つくば市は地域のNPOなどと協働で、「青い羽根学習会」を市内14か所で実施している。昨年4月から5月までの2カ月間と、今年1月に県独自の緊急事態宣言が発表されてからの3週間、新型コロナ感染防止のため、学習会は中止された。
週に1度は様子を確認
NPO法人「NPOプラザ・ねこねっと」は週に1回、市内で青い羽根学習会を開催し、食事の無料提供をおこなっている。毎週、約10人の小中学生が通っている。
昨年春の学習会中止期間も、週に1回は子どもたち一人一人と連絡を取り、様子を確認した。
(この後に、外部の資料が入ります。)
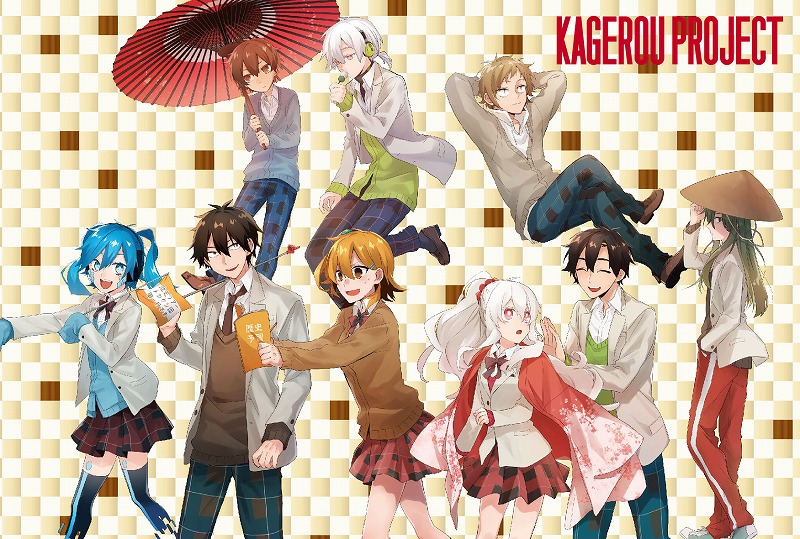 アニメイト商品情報局＠店舗受取り手数料無料！ on X: 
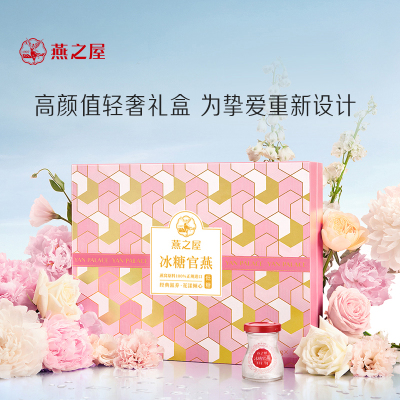 燕之屋冰糖即食燕窝70g15瓶正品生日送礼孕妇燕窝礼盒营养滋补品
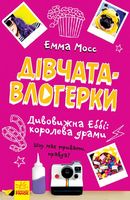 Дівчата-влогерки  Дивовижна Еббі Королева драми Емма Мосс Ранок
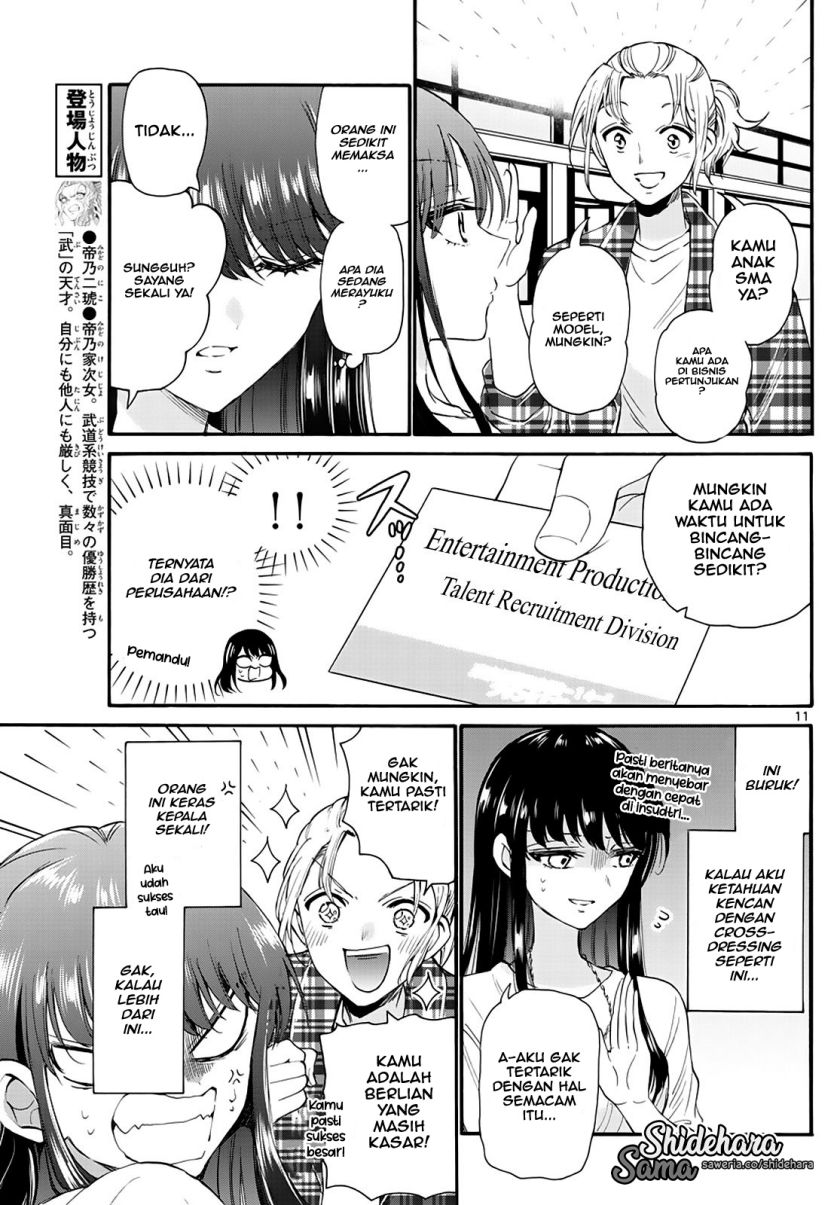 Chapter 19 - halaman 12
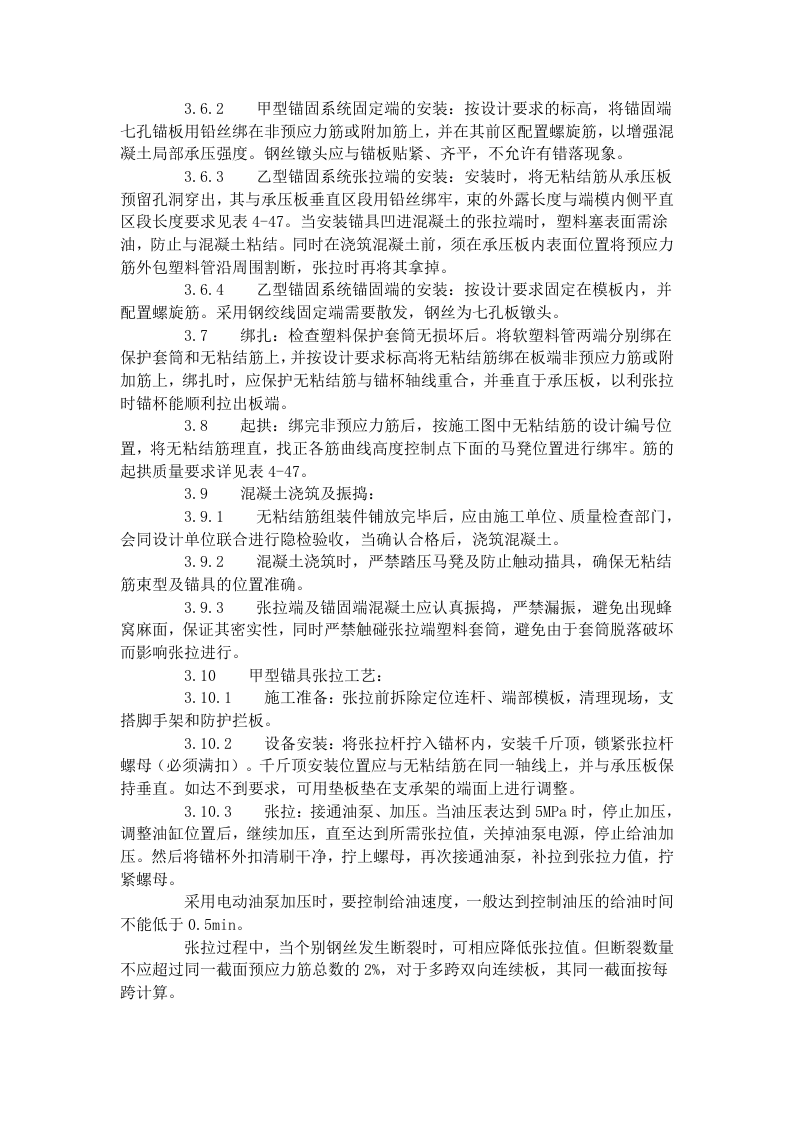 无粘结预应力筋工工艺标准（435-1996）.doc 第5页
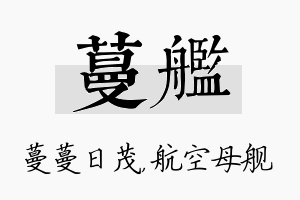 蔓舰名字的寓意及含义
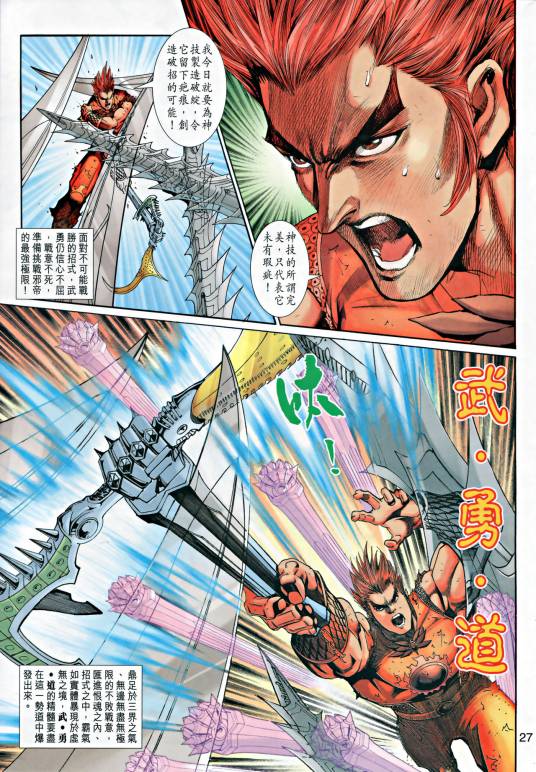 武·勇·道_百度百科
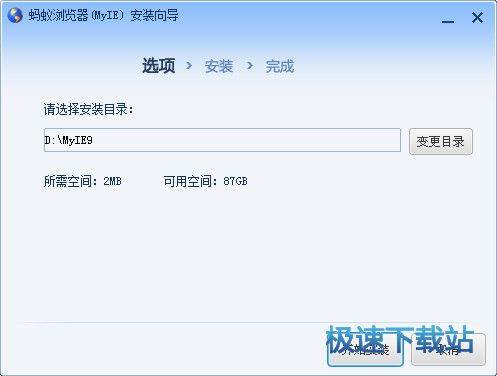 瀏覽器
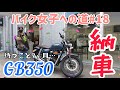 嬉しさ爆発！待望のGB350納車！バイク女子への道！#18
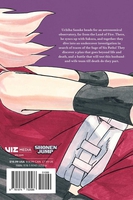 Naruto: Sasuke's Story - The Uchiha and the Heavenly Stardust Novel image number 1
市と協働したり、中央共同募金会(東京都千代田区)の助成金を利用し、週に1度、利用者に弁当を無料配布した。子ども本人または保護者に弁当を手渡し、元気がないなど、様子に変化がある場合は話を聞いた。当時は学校も休校になり、学校給食もなくなったため、夜遅くに保護者が仕事から帰ってくるのを、何も食べずに家で待っていた子どもや、体がやせてきた子どももいた。
緊急事態宣言が明けた昨年夏には、例年通り、保護者と面談し、コロナでどのような影響が家庭に出ているのかなどを聞いた。仕事を減らされた等、経済面でひっ迫した家庭が多かった。必要に応じて、行政とも連携を取り、公的支援を受けることを提案し、申請書類の記入等も手伝った。他の家庭にも、困った時は我慢せずに必要な支援を受けるように呼び掛けた。
今年1月の緊急事態宣言時は、学習会を閉鎖した期間も短く、学校給食は食べられる環境だったため、食事支援はしなかった。一方、高校入試が近かったため、受験生の学習支援は個別に継続できる環境を整えたが、感染の不安から、希望する子どもはいなかった。
家庭環境整えるサポートできたら
青い羽根学習会の対象となる家庭には、毎年、つくば市から案内を配布している。「NPOプラザ・ねこねっと」が担当する地域では、実際に学習会を利用する家庭は、案内が配布されている家庭の2割ほど。「今年度になってから、通ってくる子どもは増えたが、それでもまだ、必要な支援につながれていない家庭も多いのでは」と、「NPOプラザ・ねこねっと」代表の稲葉淑江さん(60)は心配する。「子どもの学習面だけでなく、保護者の生活を支えることで、家庭の環境を整えるサポートができたら」と稲葉さんは語る。
つくば市で青い羽根学習会を運営している他の団体は、昨年春と今年1月の学習会を開催できなかった期間、家庭の通信環境が整っている中学生にはオンライン授業を行った。「この1年間は、通っている学校によって、課題の量やオンライン授業を取り入れているかにも差があったため、学習会に通っている子どもだけでなく、子どもたち全体に不安が広がっているようだ」と、団体の代表は語る。